> [WHAT TO DO]
Among the entries below, one line contains "DF3527 staining HepG2" and another contains "Primary Rhinoplasty Before". Transcribe those two lines and every line between them, exactly.

> [DATASET EXCERPTS]
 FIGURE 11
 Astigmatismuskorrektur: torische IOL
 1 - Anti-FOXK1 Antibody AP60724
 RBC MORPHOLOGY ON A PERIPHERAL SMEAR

* * *

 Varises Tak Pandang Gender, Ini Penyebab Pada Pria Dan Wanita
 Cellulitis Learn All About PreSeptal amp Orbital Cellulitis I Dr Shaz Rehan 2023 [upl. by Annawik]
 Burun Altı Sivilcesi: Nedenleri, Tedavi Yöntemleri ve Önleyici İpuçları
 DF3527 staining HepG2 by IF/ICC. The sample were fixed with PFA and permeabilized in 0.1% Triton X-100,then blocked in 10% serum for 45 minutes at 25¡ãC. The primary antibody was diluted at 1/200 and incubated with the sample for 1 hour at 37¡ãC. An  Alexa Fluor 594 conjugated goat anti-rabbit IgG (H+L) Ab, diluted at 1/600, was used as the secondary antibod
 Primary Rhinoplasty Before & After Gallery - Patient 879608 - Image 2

==

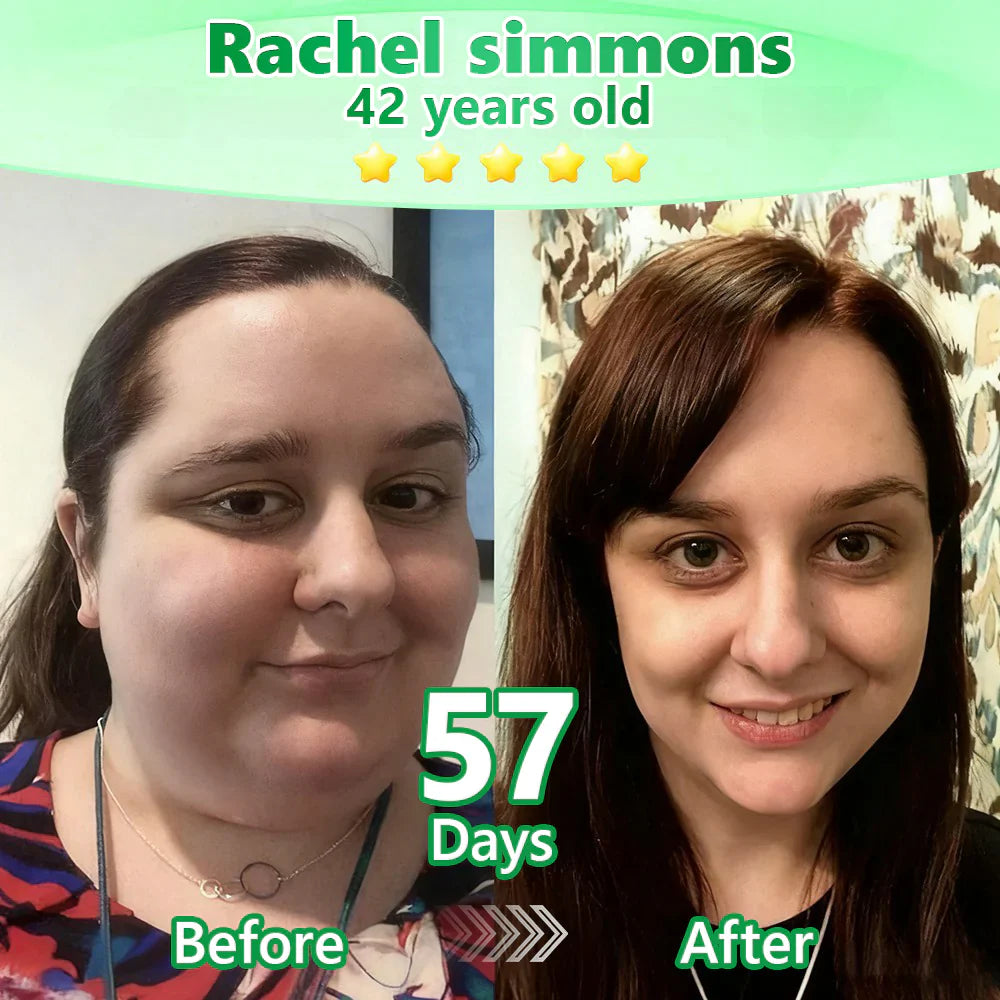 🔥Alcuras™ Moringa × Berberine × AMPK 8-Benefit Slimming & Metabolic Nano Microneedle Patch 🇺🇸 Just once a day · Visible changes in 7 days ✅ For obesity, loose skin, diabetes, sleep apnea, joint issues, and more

> [WRITTEN RESPONSE]
 DF3527 staining HepG2 by IF/ICC. The sample were fixed with PFA and permeabilized in 0.1% Triton X-100,then blocked in 10% serum for 45 minutes at 25¡ãC. The primary antibody was diluted at 1/200 and incubated with the sample for 1 hour at 37¡ãC. An  Alexa Fluor 594 conjugated goat anti-rabbit IgG (H+L) Ab, diluted at 1/600, was used as the secondary antibod
 Primary Rhinoplasty Before & After Gallery - Patient 879608 - Image 2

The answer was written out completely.